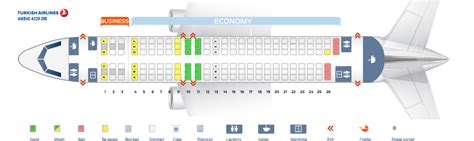 Seat Map Airbus A Turkish Airlines Best Seats In The Plane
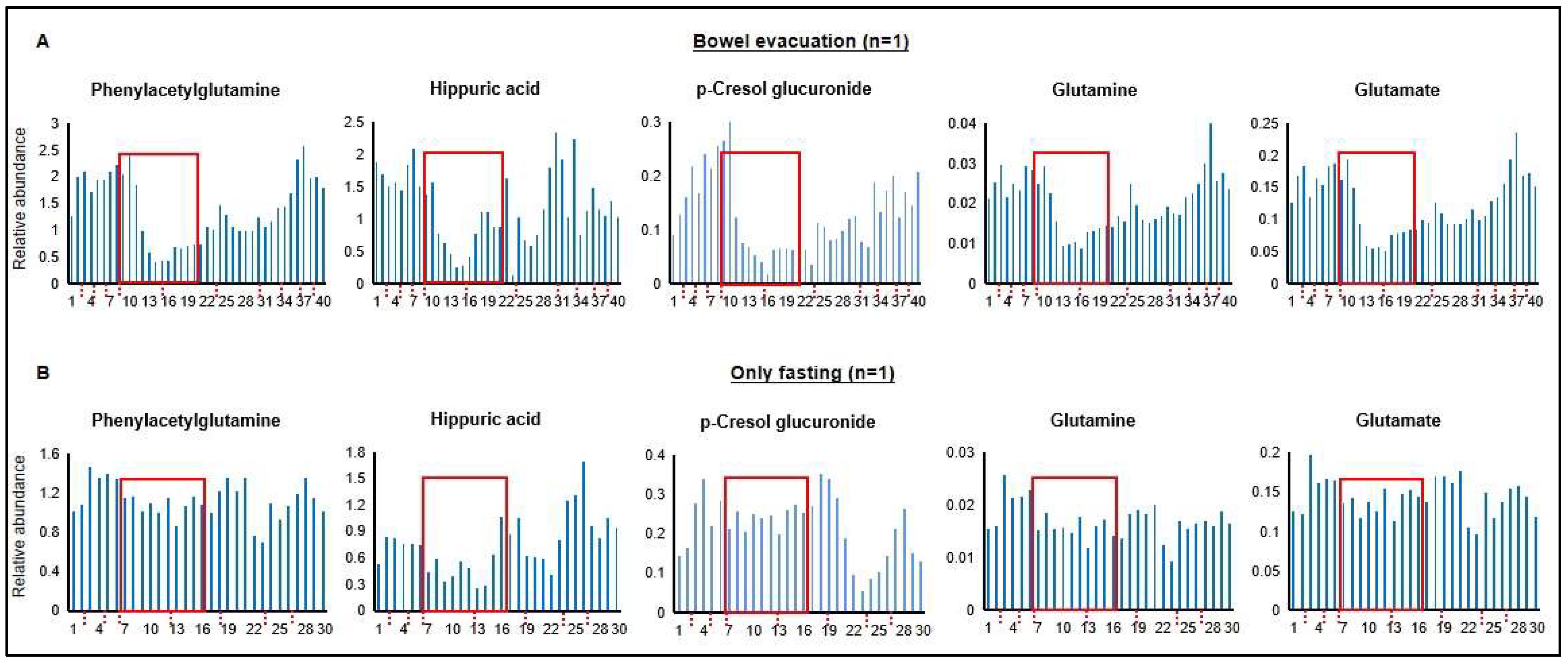 Metabolites 13 01061 g001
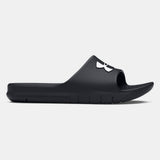 Core PTH Slides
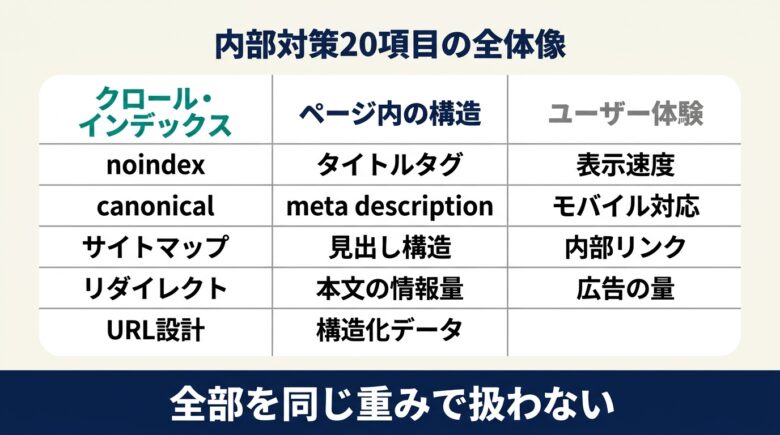 SEO内部対策20項目を効果あり・効果不明で色分けした一覧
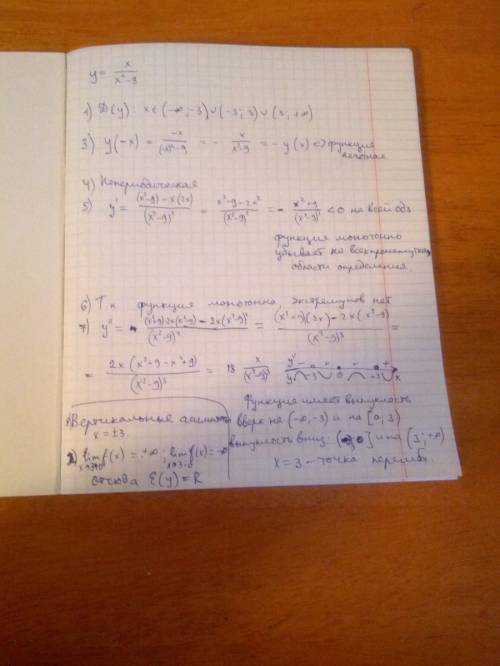 Y=x/(x^2-9) описать функции: 1) область определения 2) множество значений 3) четность, нечетность 4)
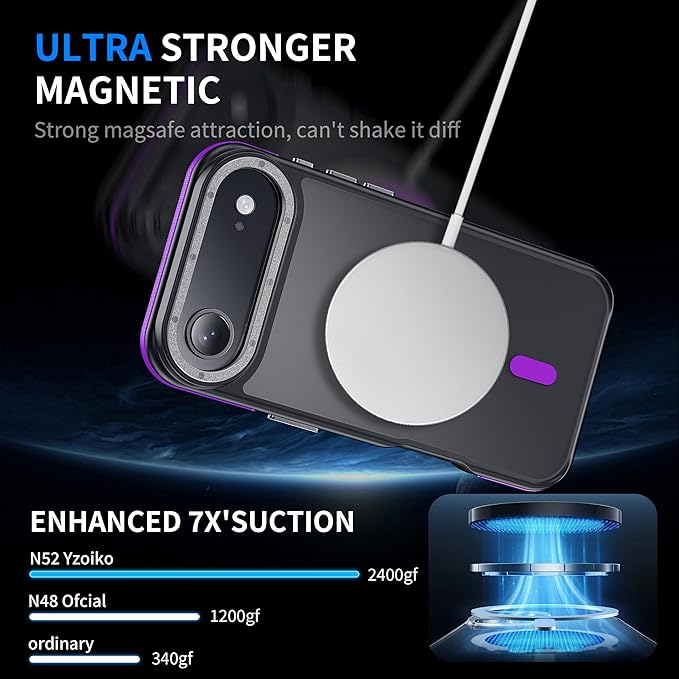 Magnetic for iPhone Air case, with Camera Lens Protector [10Ft Military-Grade Protection] Compatible with fit MagSafe Slim case for iPhone 17 Air 6.5 inch, Purple Bumper
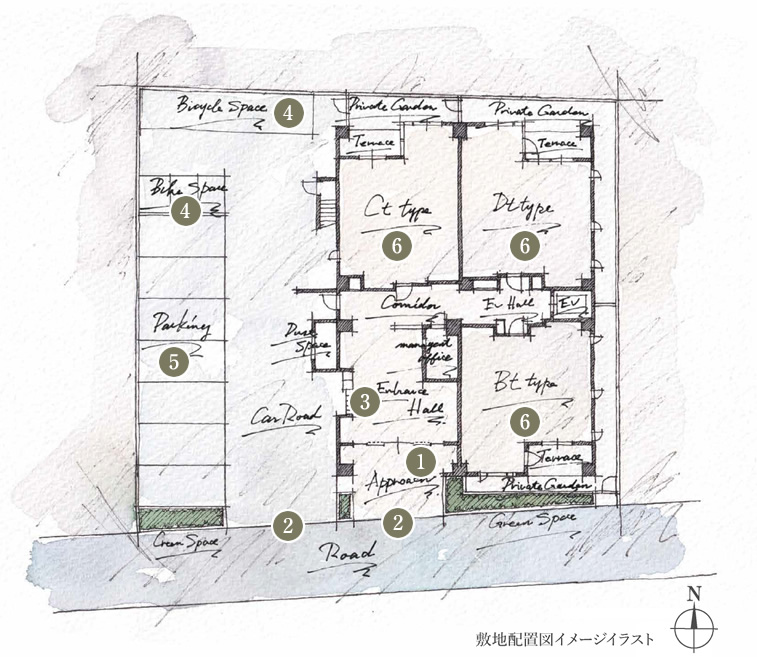 敷地配置図イメージイラスト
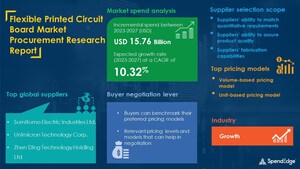 Flexible Printed Circuit Board Market to Record USD 15.76 Billion Growth | Top Spending Regions and Market Price Trends, Forecast and Analysis 2023-2027| SpendEdge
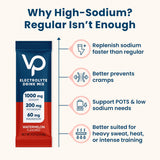 Sachets sans sucre Venture Pal pour hydratation sans calories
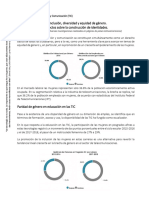 La Inclusión, Diversidad y Equidad de Género. Aspectos Sobre La Construcción de Identidades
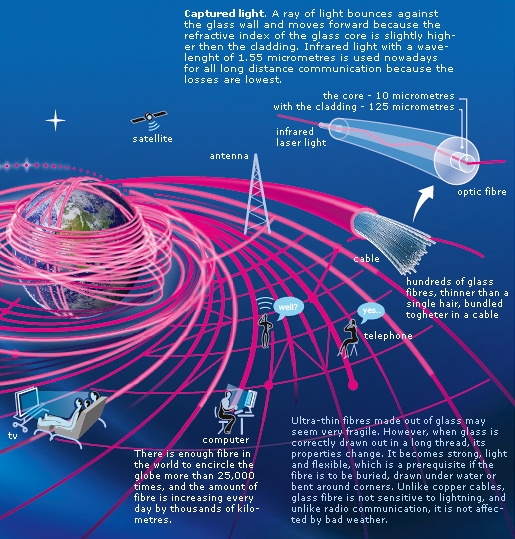 Fibre-optic communication
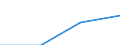 Regierungsbezirke / Statistische Regionen: Mittelfranken, Regierungsbezirk / Wertmerkmal: Elterngeldbezug Vater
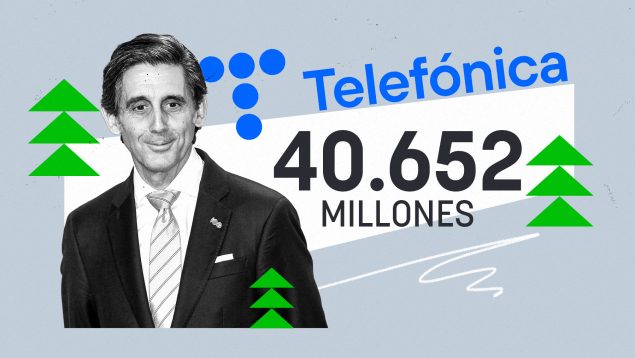 Telefónica eleva sus ingresos a 40.652 millones en 2023 y confirma un dividendo en efectivo de 0,30 €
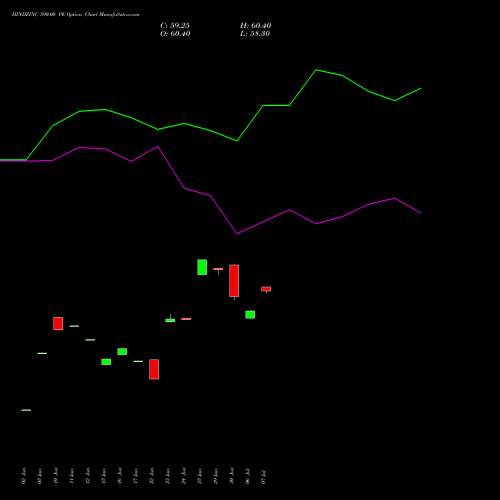 HINDZINC 590.00 PE (PUT) 28 July 2026 options price chart analysis Hindustan Zinc Limited 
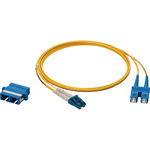 ＳＣ／ＬＣ　Ｋｉｔ－Ｕ－ＧＩ５０／１２５　光コネクター変換キット　２２０５Ｒ　■お取り寄せ品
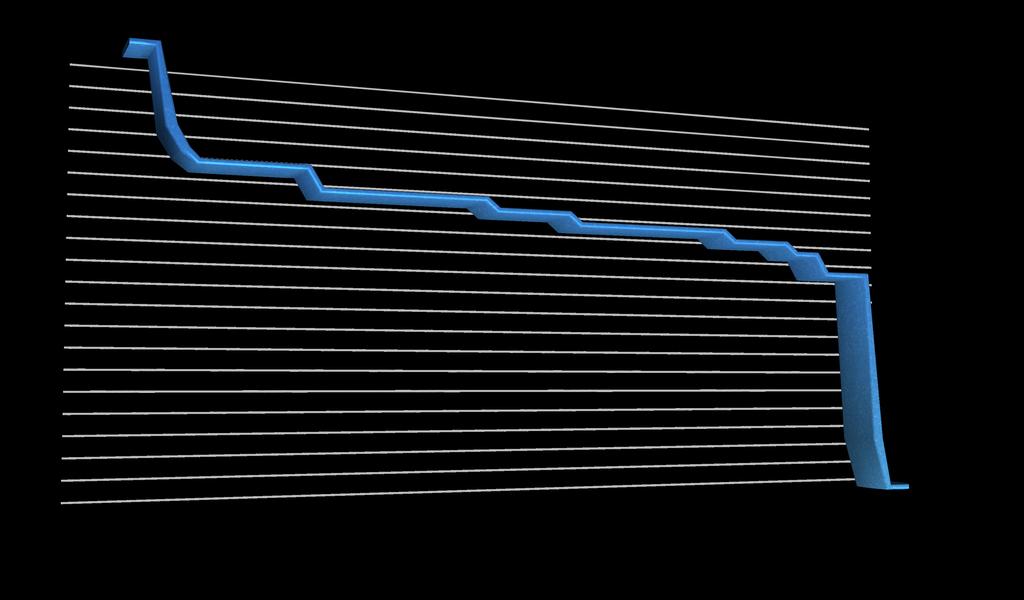 N=67 62 meerdere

> [WHAT IS BEING ASKED] Your answer should hold only the lines from the line with "Sachets sans sucre" through the closing line of the records, restated exactly and free of pictures.

> [WRITTEN ANSWER]
 Sachets sans sucre Venture Pal pour hydratation sans calories
 La Inclusión, Diversidad y Equidad de Género. Aspectos Sobre La Construcción de Identidades
 Fibre-optic communication
 Regierungsbezirke / Statistische Regionen: Mittelfranken, Regierungsbezirk / Wertmerkmal: Elterngeldbezug Vater
 Telefónica eleva sus ingresos a 40.652 millones en 2023 y confirma un dividendo en efectivo de 0,30 €
 HINDZINC 590.00 PE (PUT) 28 July 2026 options price chart analysis Hindustan Zinc Limited 
 ＳＣ／ＬＣ　Ｋｉｔ－Ｕ－ＧＩ５０／１２５　光コネクター変換キット　２２０５Ｒ　■お取り寄せ品
 N=67 62 meerdere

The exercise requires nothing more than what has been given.